> [Task description]
If a picture appears, leave it out, and reproduce exactly the lines from the start of the listing below through the one bearing "NERF Набор бластеров".
[Start of Attachment]
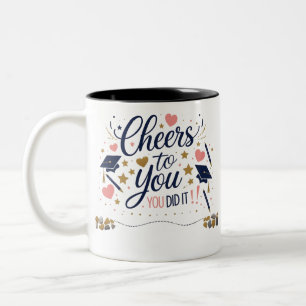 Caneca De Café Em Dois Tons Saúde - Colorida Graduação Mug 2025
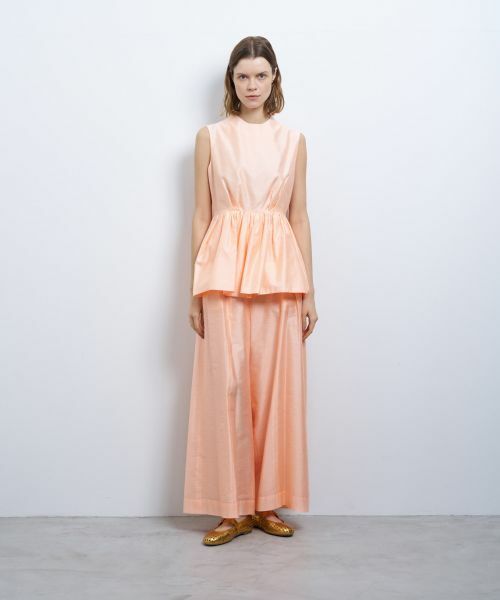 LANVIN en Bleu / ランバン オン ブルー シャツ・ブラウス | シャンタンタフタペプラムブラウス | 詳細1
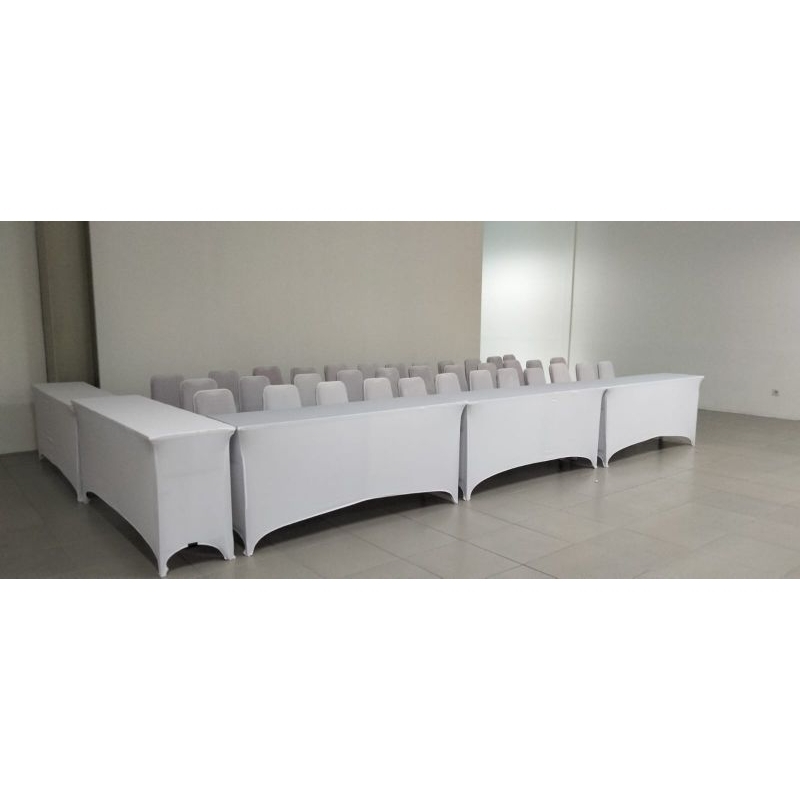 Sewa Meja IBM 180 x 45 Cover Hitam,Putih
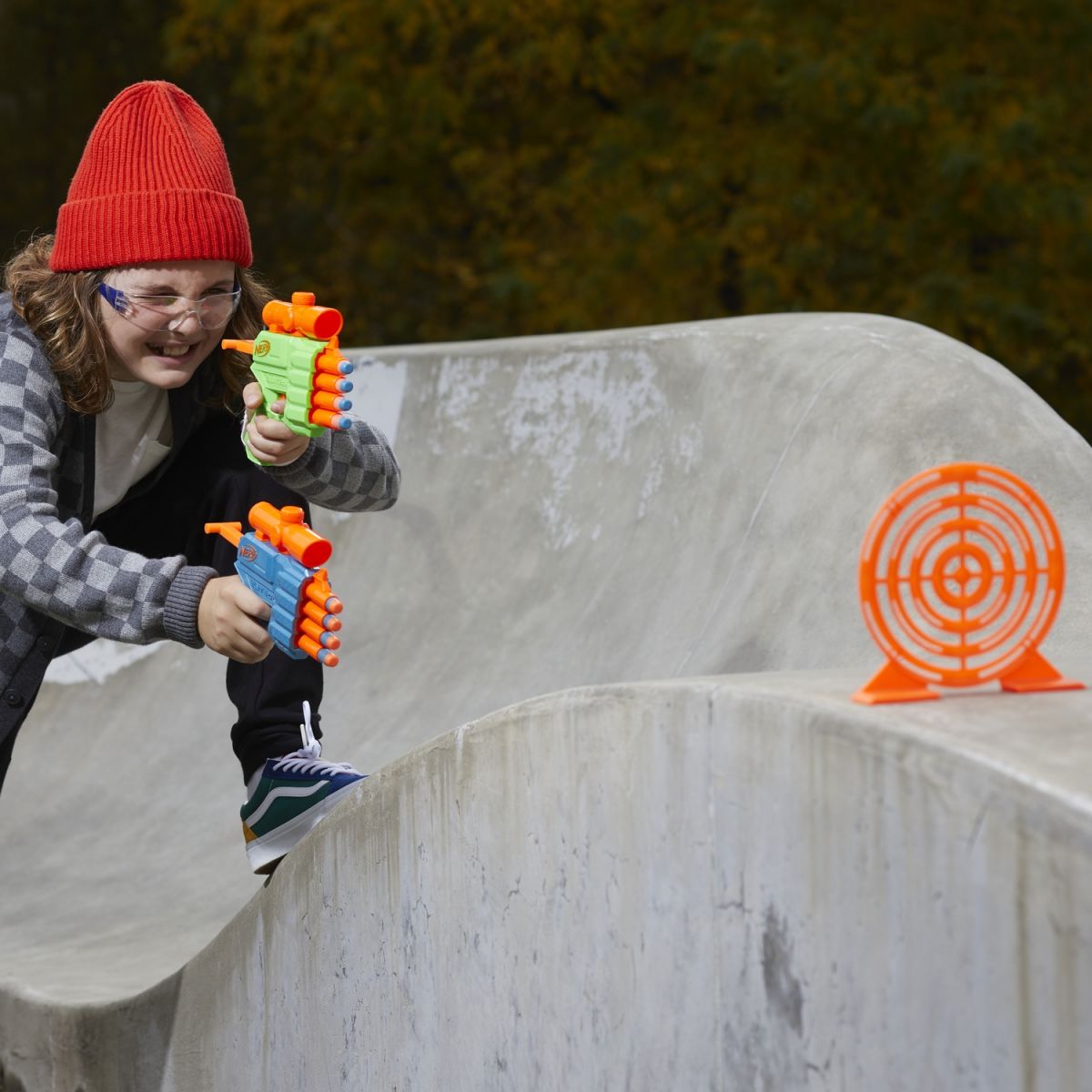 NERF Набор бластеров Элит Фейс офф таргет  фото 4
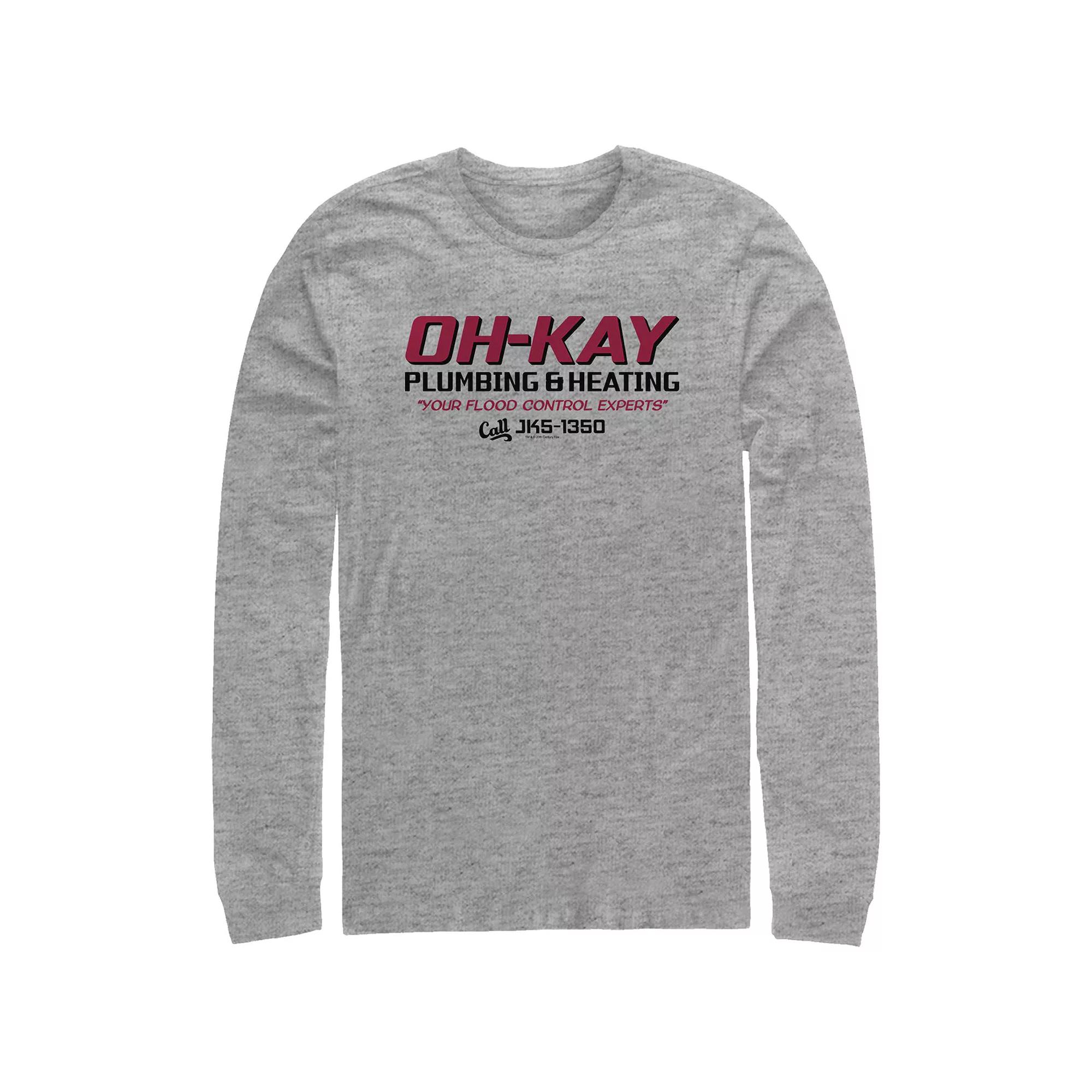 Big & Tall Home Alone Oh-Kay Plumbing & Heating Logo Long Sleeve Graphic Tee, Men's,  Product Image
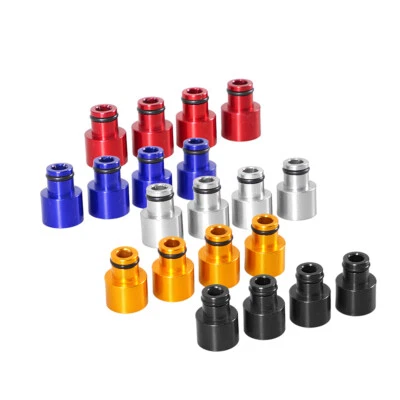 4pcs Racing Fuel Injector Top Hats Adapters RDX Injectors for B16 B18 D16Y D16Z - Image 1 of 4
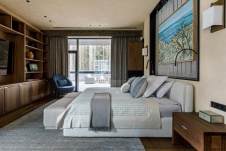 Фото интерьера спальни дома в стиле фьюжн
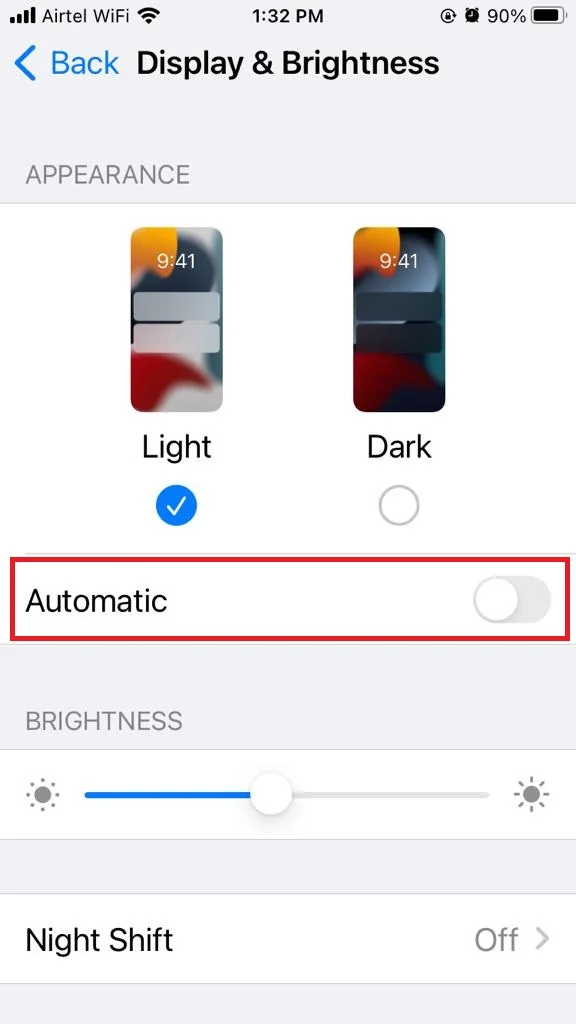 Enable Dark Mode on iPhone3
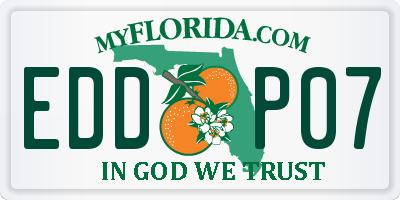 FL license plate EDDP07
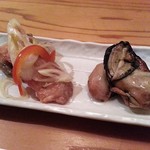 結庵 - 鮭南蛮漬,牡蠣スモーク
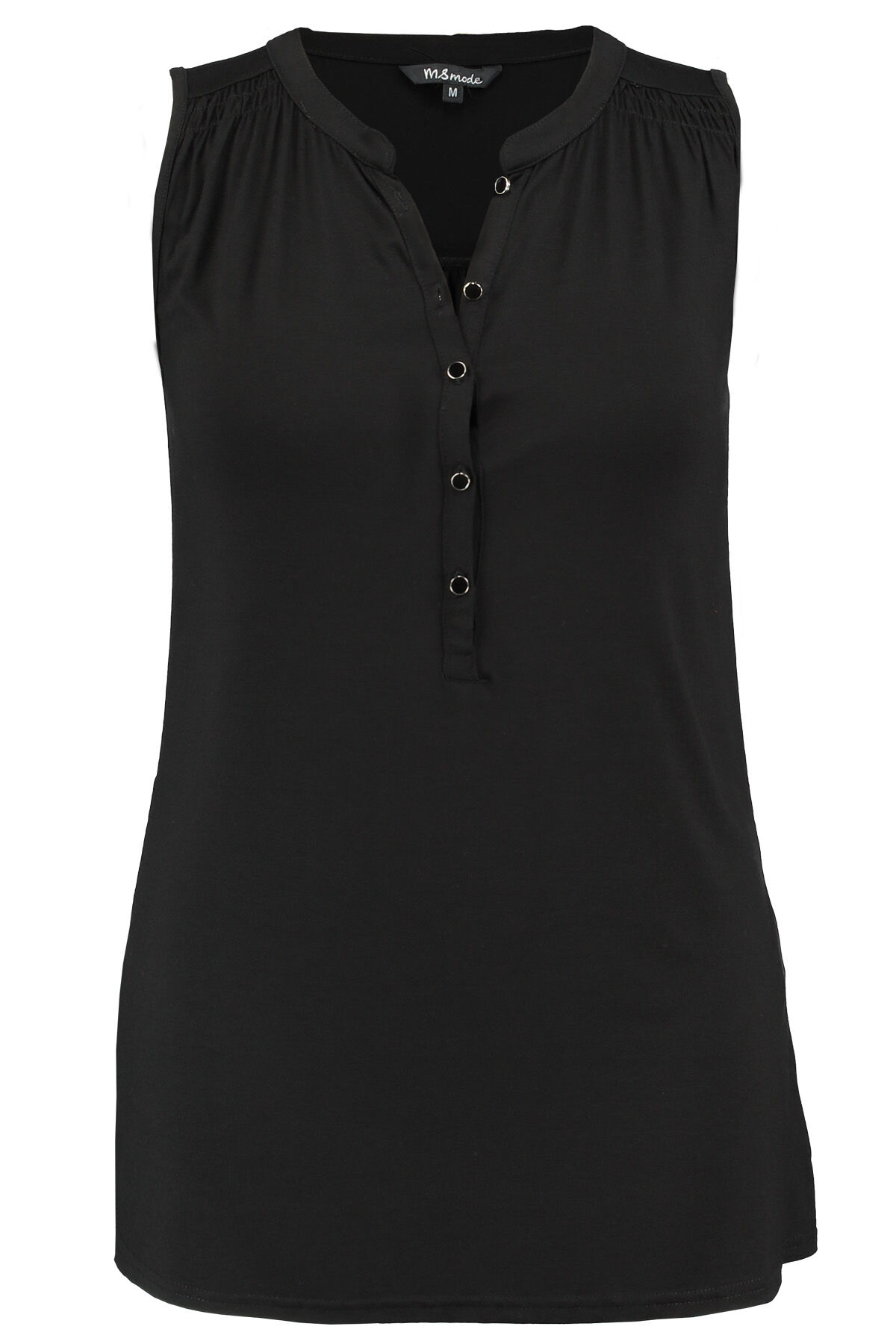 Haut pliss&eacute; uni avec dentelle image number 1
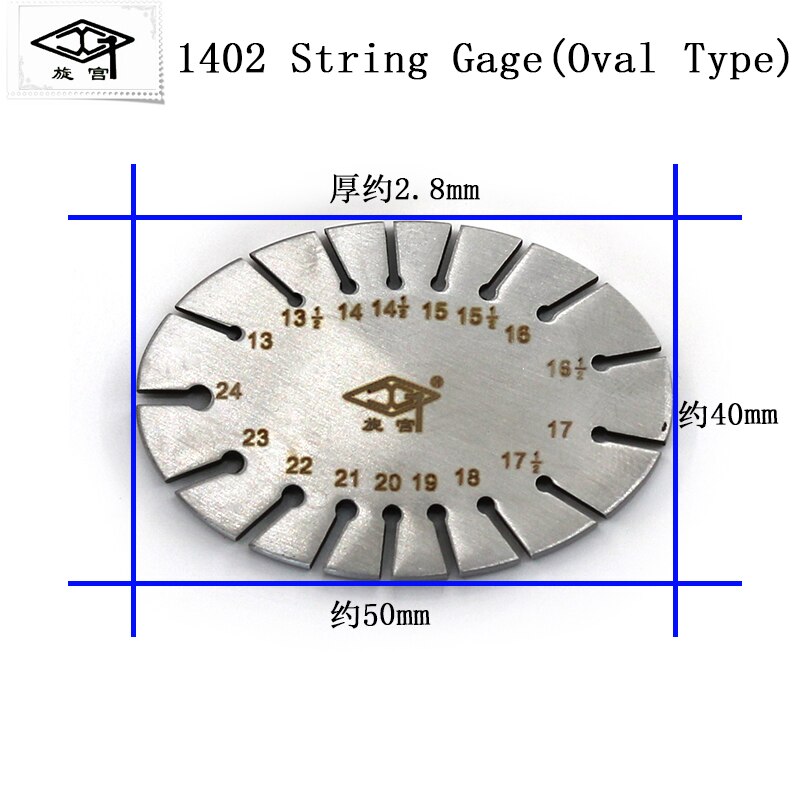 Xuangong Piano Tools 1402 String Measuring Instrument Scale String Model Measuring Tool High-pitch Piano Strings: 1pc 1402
[End of Attachment]
> [Output of the task]
 Caneca De Café Em Dois Tons Saúde - Colorida Graduação Mug 2025
 LANVIN en Bleu / ランバン オン ブルー シャツ・ブラウス | シャンタンタフタペプラムブラウス | 詳細1
 Sewa Meja IBM 180 x 45 Cover Hitam,Putih
 NERF Набор бластеров Элит Фейс офф таргет  фото 4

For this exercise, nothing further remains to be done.